Sursis pour Ehud Olmert ?

Manifestation à Tel-Aviv le 3 mai 2007 - Ehud Olmert refuse toujours de quitter son poste de Premier ministre. 

		(Photo : Reuters)
Manifestation à Tel-Aviv le 3 mai 2007 - Ehud Olmert refuse toujours de quitter son poste de Premier ministre.
(Photo : Reuters)
En dépit des appels véhéments à sa démission, le chef du gouvernement s’accroche toujours à son poste. Après une manifestation de plus de 100 000 personnes à Tel-Aviv, Ehud Olmert a annoncé son intention de corriger lui-même les erreurs qui lui ont été reprochées dans un rapport sur la gestion de la guerre au Liban.

«Je vais m'en sortir sans y laisser de plumes». Jeudi soir encore, Ehud Olmert - devant quelques conseillers personnels à Jérusalem - semblait convaincu de pouvoir continuer à s’agripper à son poste de Premier ministre. Alors qu’au même moment, à Tel-Aviv, manifestaient des centaines de milliers d’Israéliens (150 000 selon la police, 200 000 selon les organisateurs), venus de tous bords politiques et réunis derrière un même slogan : «Olmert à la maison».

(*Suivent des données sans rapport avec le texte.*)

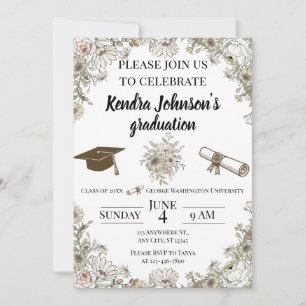 Convites Formatura Floral Vintage Suave 
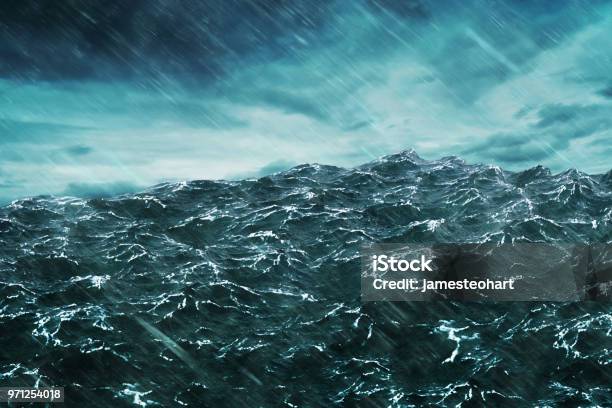 3d Rendering Ocean Wave With Storm Stock Photo - Download Image Now - Sea, Storm, Furious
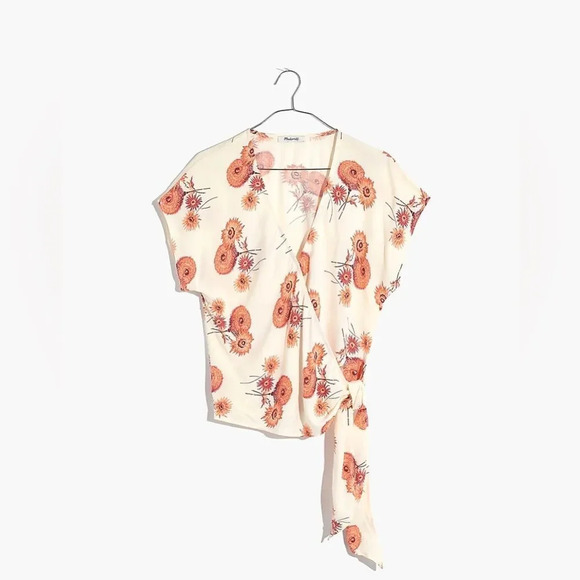 MADEWELL NWOT Dutch Dandelions Sash Tie Wrap Top in Twiggy Parchment - Picture 4 of 8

C’était en effet une alliance pour le moins exceptionnelle qui s’était formée jeudi sur la place Yitzhak Rabin : juifs religieux, colons, laïcs des mouvements de jeunesse de gauche, représentants de familles endeuillées par la guerre et associations de soldats réservistes – tous ont scandé en chœur le mort d'ordre de la soirée : «Démission». Les organisateurs de la manifestation à Tel-Aviv avaient alors atteint leur but de faire naître une protestation populaire et massive, explosant les clivages politiques traditionnels pour demander le départ du Premier ministre Ehud Olmert et de son ministre de la Défense, Amir Peretz.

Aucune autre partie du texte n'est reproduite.